Writing at the blog for the Albert Shanker Institute, Matt Di Carlo sums up yesterday's NAEP results so:
NAEP results indicated a “significant increase” in fourth and eighth grade math and eighth grade reading, but in all three cases, the increase was as modest as it gets – just one scale score point, roughly a month of “learning.” Certainly, this change warrants attention, but it may not square with most people’s definition of “significant” (and it may also reflect differences in the students taking the test).
So there you have it.
Nevertheless, the modest results yielded by NAEP don't stop Beltway-based journalists and edu-pundits from projecting their favorite policy idea onto the high-profile Rorschach test that NAEP has become.
As Di Carlo predicted in a different post, "People on all 'sides' will interpret the results favorably no matter how they turn out."
Sure enough, as soon as NAEP results were made public, the Washington Post's Valerie Strauss -- no fan of the education "reform" movement -- declared on her blog that the modest showing was yet more proof that test-based reforms were having no effect on improving schools. She writes, "Someone should be printing up a T-shirt about now that says: 'My nation spent billions on testing and all I got was a 1-point gain.'"
Conversely, school reform enthusiasts at the Education Trust used NAEP's modest showing as a pretense for declaring that school reforms are "not moving fast enough."
Meanwhile, In The Real World
All this back and forth about "what NAEP results really mean" would be just as entertaining as your favorite daytime soap opera if it weren't for the fact that there weren't significantly more consequential problems crashing down on the nation's schools.
While edu-pudits get a sugar high from statistical tables and charts, Americans on a strictly meat and potatoes diet are getting a very different view of the world. While Beltway policy wonks argue over miniscule data points, families are coping with the immediate reality of school cuts that are robbing their children of real learning opportunities.
During the run-up to the NAEP carnival, parents and teachers in Cleveland had far more important concerns about budget cuts denying their students opportunities to ride the bus, play sports, participate in school plays, and go to summer school. Parents in Pasco County, Floridawondered about the consequences to their kids now that art instruction has become rare and PE classes have been cut to once a week. Elsewhere in Florida, thousands of middle and high school students fail to grasp the importance of NAEP as they walk hazardous routes to school because there's not enough money to pay for bus services.

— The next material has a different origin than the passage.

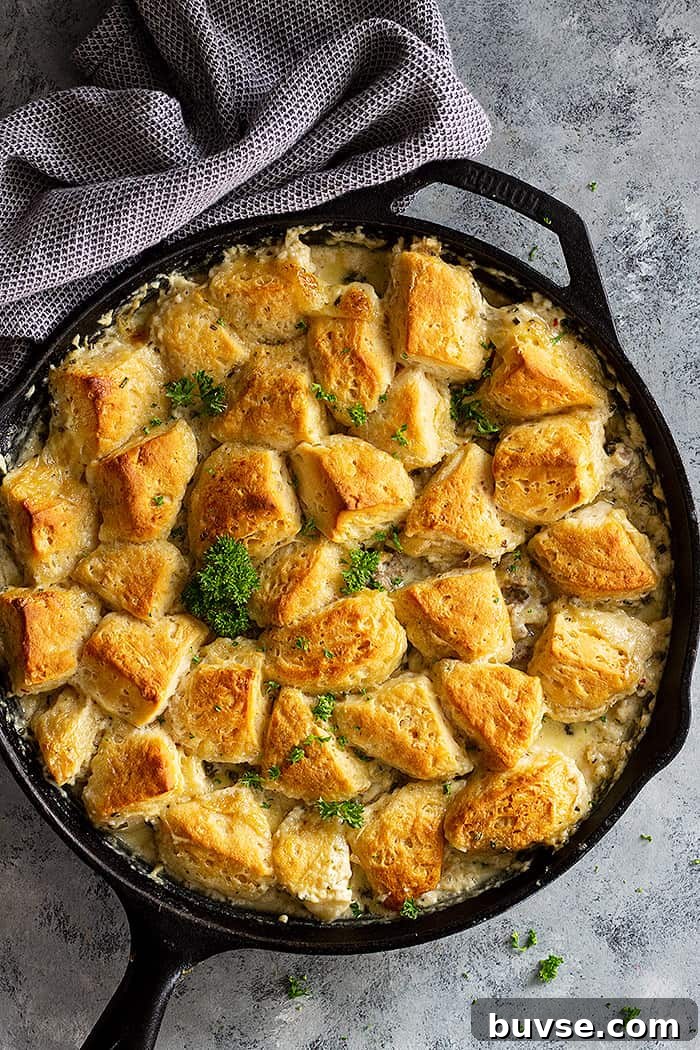 Pantry Recipes: Creative Shelf Cooking with Staples 5 Top down view of a large pan of biscuit and gravy casserole.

One wonders how all those who fancy themselves to be such clear-minded analysts of "real data" from NAEP feel about a new report from California indicating that "only about one in 10" elementary school students in the state get adequate instruction in science.
This kind of information from the reality community is often dismissed as being "anecdotal." But it's not "anecdotal" when it's your kid. Furthermore, when anecdotes become this frequent, it's called a trend.
Another popular notion among the political class is to parry concerns about student's every day lives in school with arguments about the need to change the focus on "inputs" -- what kids actually do during the school day -- to "outputs" such as test scores. But we know that the inputs of a well-rounded curriculum that includes art, music, PE, and science undoubtedly have real consequences in our children's lives. So why do we we confine our attention to outputs, such as NAEP, that completely ignore that?
What all the fetishization of NAEP results amounts to is so much scrutiny of the dipstick while the wheels are falling off the car. Can you say, "Out of touch?"